The Human Cellular Automata

The human cellular automaton is like a Mexican Wave in two-dimensions.

In nineteen sixty-eight the mathematician John Conway invented a particular version of cellular automata called ‘Life’. In Steven Levy’s book “Artificial Life, the quest for a new creation” his original script is given as follows.

“Life occurs on a virtual checkerboard. The squares are called cells. They are in one or two states: alive or dead. Each cell has eight possible neighbours, the cells which touch its sides or its corners.
If a cell on the checkerboard is alive, it will survive in the next timestep (or generation) if there are either two or three neighbours also alive. It will die of overcrowding if there are more than three live neighbours, and it will die of exposure if there are fewer than two.
If a cell on a checkerboard is dead, it will remain dead in the next generation unless exactly three of its eight neighbours are alive. In that case the cell will be ‘born’ in the next generation.”

There are many other forms of cellular automata, with more complicated rules, other forms of emergence and change, further possible states for cells to be in and other dynamics of mutual inter-relation. The version running at WOS is based on Conway’s ‘Life’ because it is fast, simple and infinitely scalable – there’s no excuse not to join in.

This is the script:

  1. Everyone stands in a grid. Each person is a cell
  2. Choose whether you want to start the first cycle in an ‘on’ or ‘off’ position. If you are ‘on’, hold the WOS program, or other piece of paper, on your head.
  3. Once everyone has chosen their state, the next cycle begins. Your state is determined by the cells directly to your front and back and on your left and right. (If you are on an edge ‘wrap’ to the cell opposite. If you are in a corner, wrap to both of your opposites.)
  4. If two or three or your neighbouring cells are ‘on’, you are ‘on’ in the next cycle. If none, one, or four of your neighbouring cells are on, you will be ‘off’.
  5. Move to the next cycle once every cell is in the correct state.
  6. Keep going, see how fast and fluid we can make each cycle.
  7. ‘Stopping’ will emerge by its own set of rules.

The Human Cellular Automata (HCA) is being held at WOS as part of the ‘Software as Culture’ thread because it provides an entertaining and surprising example of mass collaboration made possible by a set of simple rules.
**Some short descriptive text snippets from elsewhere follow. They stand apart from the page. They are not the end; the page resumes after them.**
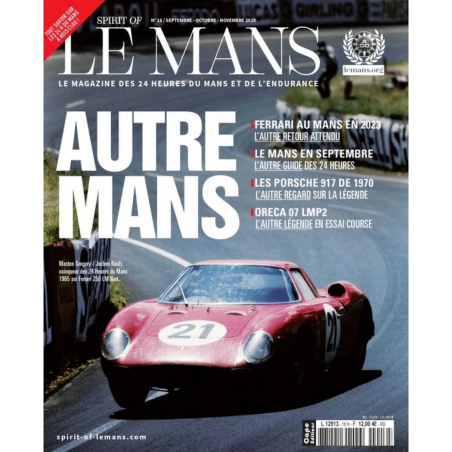SPIRIT OF LE MANS N°16 | SPIRIT OF LE MANS N° 16 |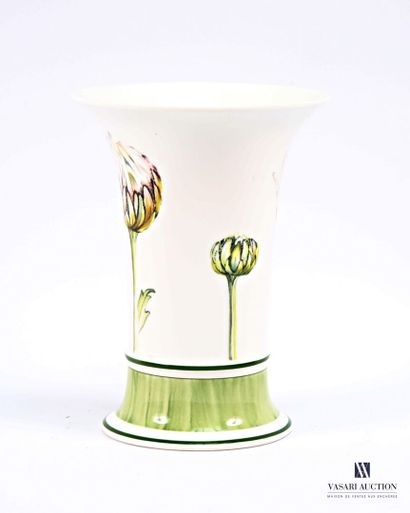 VILLEROY & BOCH 
Polychrome earthenware cone-shaped...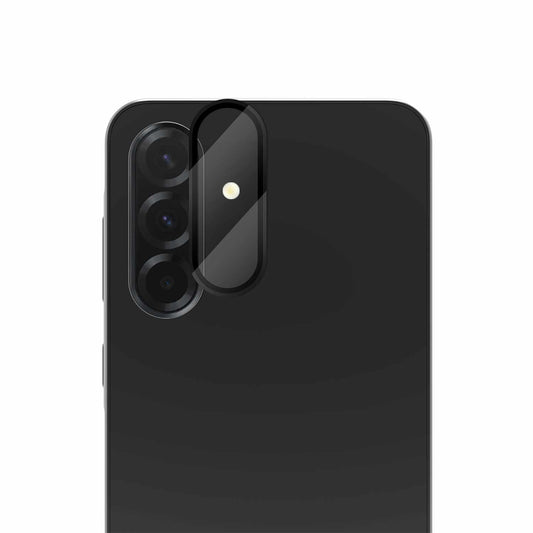 BELPGA36 Full Cover Aluminum Lens Protector Galaxy A36 5G/A56 Black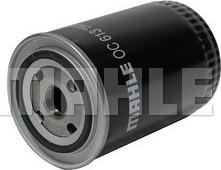 MAHLE OC 613 - Oil Filter www.parts5.com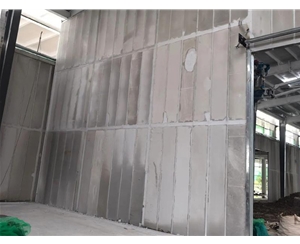 荣成发泡水泥轻质隔墙板 广泛用于各种工业建筑 性能稳定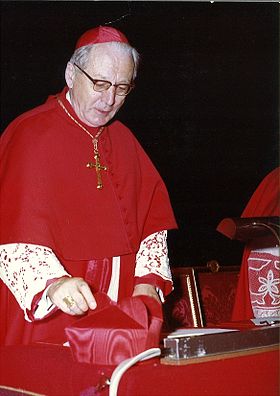 Кардинал Бернардус Йоханнес Алфринк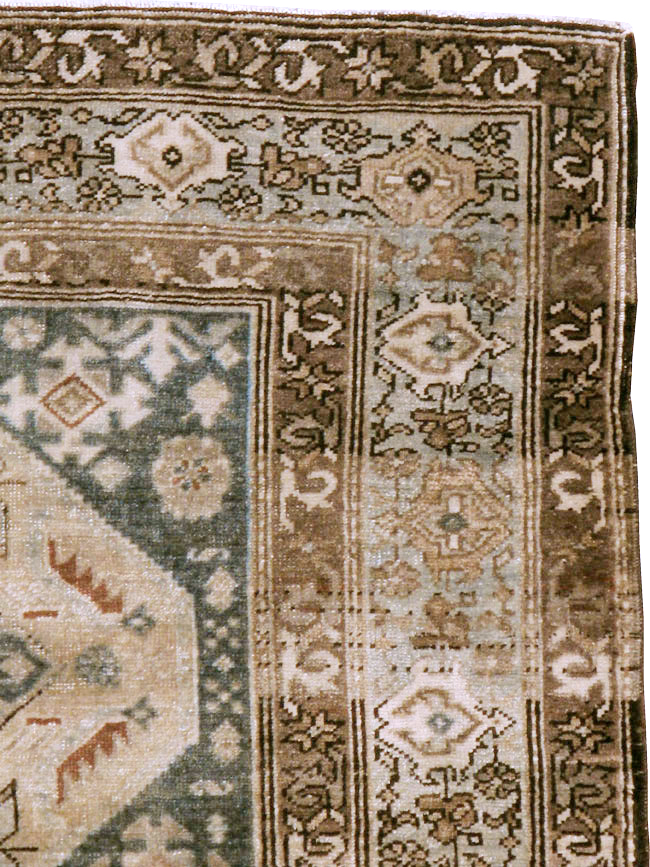 Vintage Persian Malayer Rug, No.21864 - Gss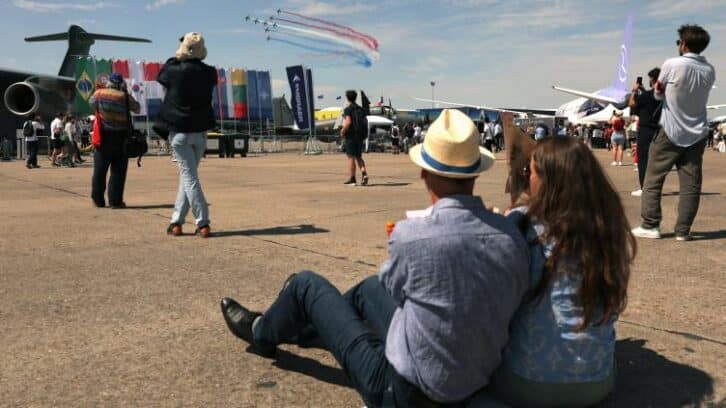 Image à la une de “Rien n’est impossible”: le salon du Bourget fait rêver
It is a program that is also a game – a momentary microculture based on distributed fun processing.
The first HCA was held as part of the Software Summer School last year in London. We took over a small city square and turned it into the slowest, most high-energy, processor for miles. (A heat-sink was provided in the shape of the Ice Cream for Everyone, open recipe project
Two other influences on the project are the short performance scripts of Fluxus artists and the behavioural instruction pieces of Vito Acconci. Both are characterised by short sets of instructions which allow the user to suspend normal behaviour and work or think through some other potential way of organising sound, space, food, manners, words, mutuality and so on. As well as these, it is easy to note similarities with the new types of network dynamics found in political demonstrations. It is rare nowadays for people to simply march from one place to another to be harangued by their leaders. Now it is a question of taking over a space, for the purposes of direct action, festivity and demonstration, to keep moving, and importantly, to keep the crowd networked, communicating and aware of itself, avoiding the police. Like the free software movement, once the script is distributed, the license is formulated, the action which is enabled by it can be carried out by anyone.